> _Work instruction_: Using the data below, copy out all lines with the word "Shirt".

> _Stored items from a collection_:
☆ ☆ ☆ ☆ ☆

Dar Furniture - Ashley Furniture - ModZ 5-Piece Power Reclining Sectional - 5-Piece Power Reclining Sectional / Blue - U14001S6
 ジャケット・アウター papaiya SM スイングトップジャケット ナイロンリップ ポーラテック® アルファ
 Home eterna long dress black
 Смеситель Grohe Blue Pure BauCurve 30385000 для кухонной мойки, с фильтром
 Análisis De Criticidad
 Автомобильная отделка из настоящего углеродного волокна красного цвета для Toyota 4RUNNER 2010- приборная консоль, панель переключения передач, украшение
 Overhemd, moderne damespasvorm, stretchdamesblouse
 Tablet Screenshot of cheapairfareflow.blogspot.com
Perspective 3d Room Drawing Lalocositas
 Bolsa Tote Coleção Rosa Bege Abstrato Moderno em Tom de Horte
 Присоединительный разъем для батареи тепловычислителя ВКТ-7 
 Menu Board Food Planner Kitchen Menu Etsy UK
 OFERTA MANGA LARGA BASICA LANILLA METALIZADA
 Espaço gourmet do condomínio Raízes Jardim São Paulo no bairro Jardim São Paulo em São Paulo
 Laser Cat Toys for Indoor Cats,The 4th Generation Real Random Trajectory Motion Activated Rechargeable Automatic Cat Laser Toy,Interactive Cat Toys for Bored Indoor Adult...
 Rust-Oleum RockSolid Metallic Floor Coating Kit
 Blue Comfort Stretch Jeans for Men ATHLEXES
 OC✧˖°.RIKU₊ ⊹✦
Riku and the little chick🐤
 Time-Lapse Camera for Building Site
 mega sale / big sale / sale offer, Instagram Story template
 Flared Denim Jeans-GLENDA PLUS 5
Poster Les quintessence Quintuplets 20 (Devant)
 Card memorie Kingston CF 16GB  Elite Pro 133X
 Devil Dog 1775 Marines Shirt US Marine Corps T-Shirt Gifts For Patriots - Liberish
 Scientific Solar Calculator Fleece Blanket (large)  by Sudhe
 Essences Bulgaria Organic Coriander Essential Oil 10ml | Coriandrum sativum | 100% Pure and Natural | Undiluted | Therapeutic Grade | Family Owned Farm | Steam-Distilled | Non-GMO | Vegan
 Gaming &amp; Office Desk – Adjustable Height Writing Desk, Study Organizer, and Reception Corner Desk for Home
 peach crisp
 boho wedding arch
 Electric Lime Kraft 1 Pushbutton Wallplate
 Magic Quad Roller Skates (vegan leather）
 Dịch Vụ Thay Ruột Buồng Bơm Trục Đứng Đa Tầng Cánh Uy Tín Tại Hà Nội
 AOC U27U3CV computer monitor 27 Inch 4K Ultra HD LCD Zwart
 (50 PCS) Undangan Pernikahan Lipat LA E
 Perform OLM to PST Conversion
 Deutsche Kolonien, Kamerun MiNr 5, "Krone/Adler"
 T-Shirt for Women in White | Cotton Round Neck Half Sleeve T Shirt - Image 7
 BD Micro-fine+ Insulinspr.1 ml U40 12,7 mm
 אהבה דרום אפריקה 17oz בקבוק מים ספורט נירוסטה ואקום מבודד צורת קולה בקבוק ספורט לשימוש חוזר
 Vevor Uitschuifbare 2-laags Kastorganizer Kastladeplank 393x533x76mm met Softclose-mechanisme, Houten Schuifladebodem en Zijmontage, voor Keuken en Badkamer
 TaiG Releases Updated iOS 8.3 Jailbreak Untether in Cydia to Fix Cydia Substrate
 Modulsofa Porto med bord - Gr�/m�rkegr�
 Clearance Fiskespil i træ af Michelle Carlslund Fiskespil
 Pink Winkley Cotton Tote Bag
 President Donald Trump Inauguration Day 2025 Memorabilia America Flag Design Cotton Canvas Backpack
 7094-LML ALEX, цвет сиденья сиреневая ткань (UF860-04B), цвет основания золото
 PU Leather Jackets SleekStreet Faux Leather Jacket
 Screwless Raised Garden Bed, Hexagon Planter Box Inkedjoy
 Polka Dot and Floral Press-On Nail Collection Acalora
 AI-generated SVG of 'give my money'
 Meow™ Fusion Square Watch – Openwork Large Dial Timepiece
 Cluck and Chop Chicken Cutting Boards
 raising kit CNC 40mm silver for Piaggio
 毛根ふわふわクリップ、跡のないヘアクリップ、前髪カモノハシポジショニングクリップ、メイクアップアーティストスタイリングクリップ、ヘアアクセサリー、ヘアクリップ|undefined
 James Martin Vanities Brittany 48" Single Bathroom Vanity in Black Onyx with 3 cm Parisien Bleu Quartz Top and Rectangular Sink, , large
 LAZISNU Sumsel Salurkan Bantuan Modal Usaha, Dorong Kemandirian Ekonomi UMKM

☆ ☆ ☆ ☆ ☆

> _Result_:
 Devil Dog 1775 Marines Shirt US Marine Corps T-Shirt Gifts For Patriots - Liberish
 T-Shirt for Women in White | Cotton Round Neck Half Sleeve T Shirt - Image 7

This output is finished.